砂漠に咲くバラ〜Rose de Sahala〜記憶に刻まれた灯。
なぜか昔から蛍光灯の光が苦手で、間接照明やランプを好む。
暖色系のあったかーい光がほわっと灯ったお部屋にいるとほっこりしませんか?
明るすぎる場所や、冷たい光の中にいると元気なくなってしまうのとソワソワして落ち着かない.....。わたし。根暗だからかなあー。笑
1日の中で1番好きな時間は、全ての仕事や家事を終えてお部屋の照度を下げる時。お気に入りのライトに切り替えて、まったりする。
この時間が至福の時なのです。
わたしがランプや照明を集め始めた原点は。
Rose de Sahala 砂漠に咲くバラ という名前の一件の雑貨屋さんだった。
この方のブログにお店と、砂漠に咲くバラが掲載されているのでよかったら。
”円山”という札幌市内のおしゃれエリアに存在していたそのお店は。店内に入ると、異国の香りが漂い、棚という棚にはびっしりとユニークな雑貨が積んであり。中東エリアやヨーロッパエリアの珍しいランプやキャンドルの優しい光が迎えてくれた。
店主は、フェイスラインにびっしりとヒゲが生えていて。寡黙な感じの雰囲気で奥様と二人でお店を切り盛りされていた。
21歳の頃、社会に出てすぐでメイクのお仕事を始めたばかりのわたしは悩んでばかりいた。学生から社会人になって感じる現実と理想のギャップ。

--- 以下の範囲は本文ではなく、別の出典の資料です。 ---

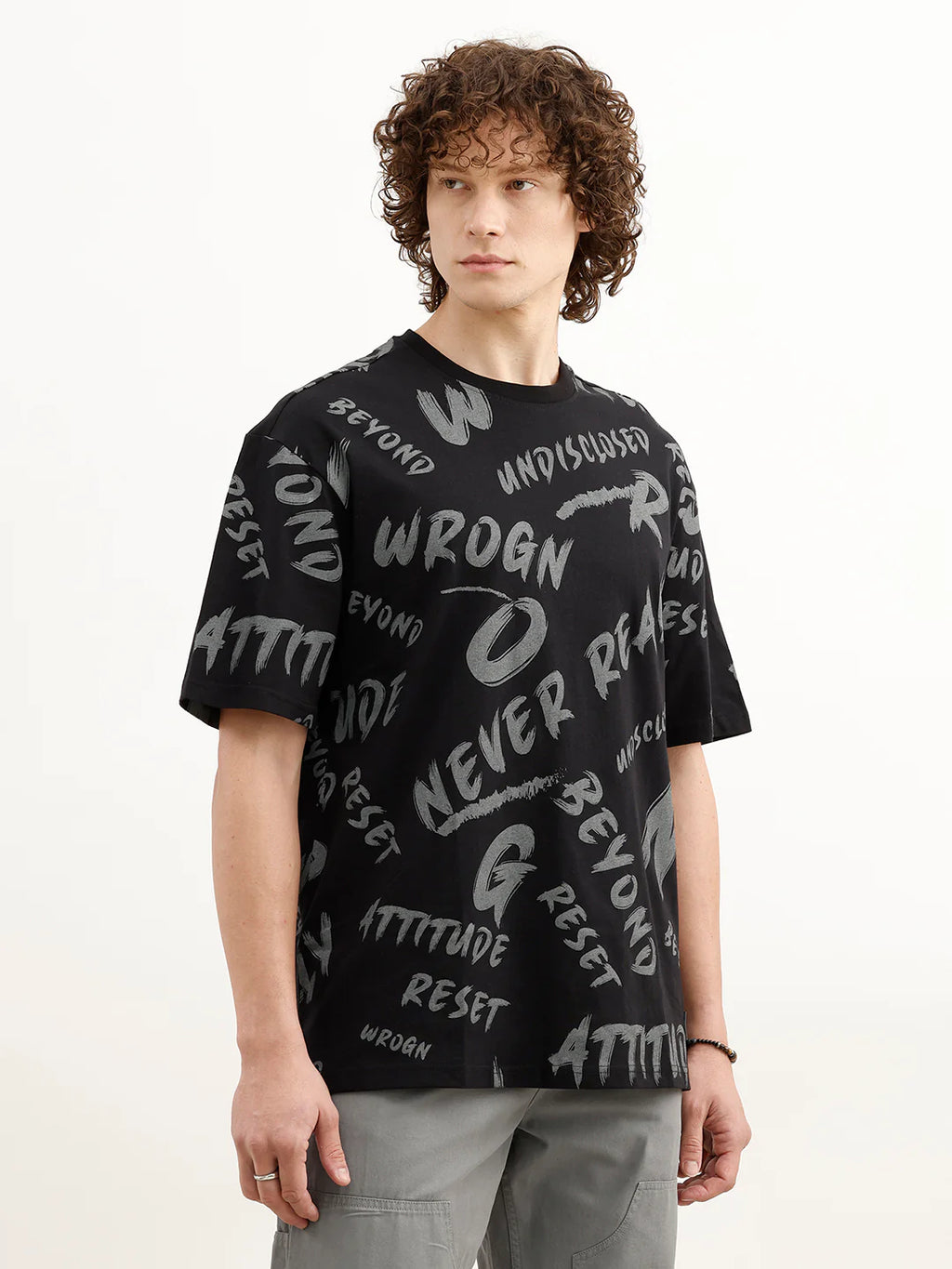 Oversized AOP T-Shirt | Black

描く夢は程遠く感じ、アルバイトで務めていた先ではよく怒られていた、しょんぼりするとそのお店を訪ねた。扉を開けるとそこには異国が広がっているようだったから。何か現実から引き離してくれるような感覚があった。
ある大雨の日、そのお店が更に特別な場所に変わる出来事があった。
その日は、仕事で凡ミスをしてしまって。上司に指摘された時に受けた言葉「夢とかやりたい事とかわかるけど、基本的な社会マナーがなってないのに叶うわけないですよ」という言葉がきつく刺さり、、自分に対して悔しくて泣きながら車を運転していた、気づくと雑貨店の前にいて。いつもどおり、お店に入って店内の雑貨を見ていると。こんなところで泣いてはいけないのに涙を抑えられなかった。
ありません?なんかここで泣いちゃいけないのに涙が止められない時。
すると、寡黙な店主がこっちこっちと手を招いてくれてお店の奥のスペースに通してくれた。
奥の部屋は表とは比べ物にならないほど、更に異国情緒溢れていて、アラビアンカーペットの敷かれたスペースにポツンとある小さな丸い椅子に腰かけた。
ランプの暖かい灯があちこちで灯っていた。
少しすると、無口な店主が何も言わずにモロッコのお茶を持ってきた。
「まあ、飲みなさい。雨が止むまでここにいたらいいよ」
そういうとゴージャスなモロッコの茶器と甘いチョコレートを置いて店主はまたお店の方に戻っていった。
聞こえてくる雨の音と、温かいお茶、店主の思いやり。秘密の部屋のような奥間の空間は、まるで映画の1シーンのような時間で。
店主の優しさが強烈に胸に刻まれた。
遠い遠い、昔の記憶。もうその後どうやって家に帰ったのか、どんな会話を店主と交わしたのかははっきり覚えていない。
けれど、今だにあの日の雨に起きた出来事と灯を忘れていない。
お店はもう閉店してしまったが、わたしの自宅には今でもそのお店で買ったランプやキャンドルホルダーや小さな照明がたくさんある。柔らかい光の中にいると心が癒されて、ふっと肩の力が抜ける。
お家時間が長い今、小さなキャンドルでも、豆電球でも。暖かい暖色系の優しい光はきっと、皆さんの心にもほっこりとした時間を届けてくれるはず。
暖かい灯の癒し時間。オススメです。
2年前にドバイを訪れた時に、砂漠のバラというのをリアルに見た。砂漠の砂が風にふかれてバラのような形になる。
あの日、お店の店主からもらった、優しさ。
Rose de Sahala
願わくばまた、あのお店と店主に再会したい。